But behind the shock-and-awe military parade displaying their vaunted confidence
hovered uncertainty and anxiety about the future.
Dressed in a traditional Mao-style suit, party chief and state leader Hu Jintao
declared that communism had salvaged China. "The 60 years of new China
have proved that only socialism can save China," he said Thursday before a
crowd of 30,000 carefully selected guests and the watching nation.
"Today, a socialist China geared towards modernisation, the world and the
future towers majestically in the East," Hu said. He went to exhort the nation
towards "greater unity" to build a "rich, strong and democratic socialist
country."
But lack of unity has particularly haunted Chinese leaders in recent months,
having seen unrest flare up in the ethnic minority provinces of Tibet and
Xinjiang, and the crowds of petitioners swell up in front of the petitioning
offices in the capital.
Despite claims to being the only political power able to lead the country
towards greatness, Chinese communist leaders had pulled out all stops to
ensure that nothing challenged their show of supremacy. Overwhelming
security controls had paralysed life in the capital in the weeks before the
anniversary.
Seeing the black-clad SWAT forces (officially the Beijing Special Weapons and
Tactics Unit) patrolling the maze of old alleys in the heart of the capital,
ordinary people had dreaded and questioned the need for such presence.
"It feels as if we are to be attacked by someone," muttered a newspaper
vendor near the Dashalan old bazaar street, as he looked furtively at the
SWAT teams and the police walking in groups of three and four.
Dashalan is the place in the capital where a few days before the communist
anniversary, three disgruntled men drew out knives and went on a rampage
stabbing 12 people and killing two others. The gossip vine on the street
claimed they were Muslim Uyghurs from remote Xinjiang, exacting revenge
for the deaths of scores of Uyghurs during the recent riots in the oil-rich but
restive Muslim province.
Yet salesgirls in one of the souvenir shops on Dashalan claimed the men were
in fact angry unemployed workers from the industrial belt in China’s
northeast. "They are angry because they have no jobs or money, but they see
people in Beijing spending a lot and enjoying themselves," said a woman who
identified herself as Xiao Tong.
Last year witnessed 100,000 outbursts of anger around the country, involving
anything from five up to a thousand people on separate occasions. People
rioted over land abuses, government injustices and out of frustration with the
yawning gap between the so-called haves and have-nots. The 2008 deadly
riots in Tibet followed by violent clashes this year in Xinjiang left Chinese
communist leaders feeling nervous, uncertain if they will be able to control
ethnic and social tensions in the future, analysts say.

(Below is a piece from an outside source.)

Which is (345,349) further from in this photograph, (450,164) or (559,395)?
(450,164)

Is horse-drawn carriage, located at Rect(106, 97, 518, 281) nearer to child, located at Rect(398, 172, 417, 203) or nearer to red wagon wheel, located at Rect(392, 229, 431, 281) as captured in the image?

"Our leaders are worried that separatist forces are all becoming proactive and
linking forces together," said Gao Heng, research fellow at the Institute of
World Economics and Politics of the Chinese Academy of Social Sciences. The
visit of Tibet’s exiled leader, the Dalai Lama, to Taiwan, and Xinjiang’s pro-
independence campaigner Rebiya Kadeer’s planned trip to the island have
given rise to some worrisome scenarios about communist China’s
encirclement by "splittist elements," Gao said.
At the communist party’s annual meeting, which concluded in September,
Chinese leaders vowed to "effectively prevent and resolutely crack down on
ethnicity-related separatist activities". But an unusually frank document
released after the meeting also admitted that the party’s standing as the
leading political force of the country was severely endangered by ethnic
tensions and rampant corruption, among others.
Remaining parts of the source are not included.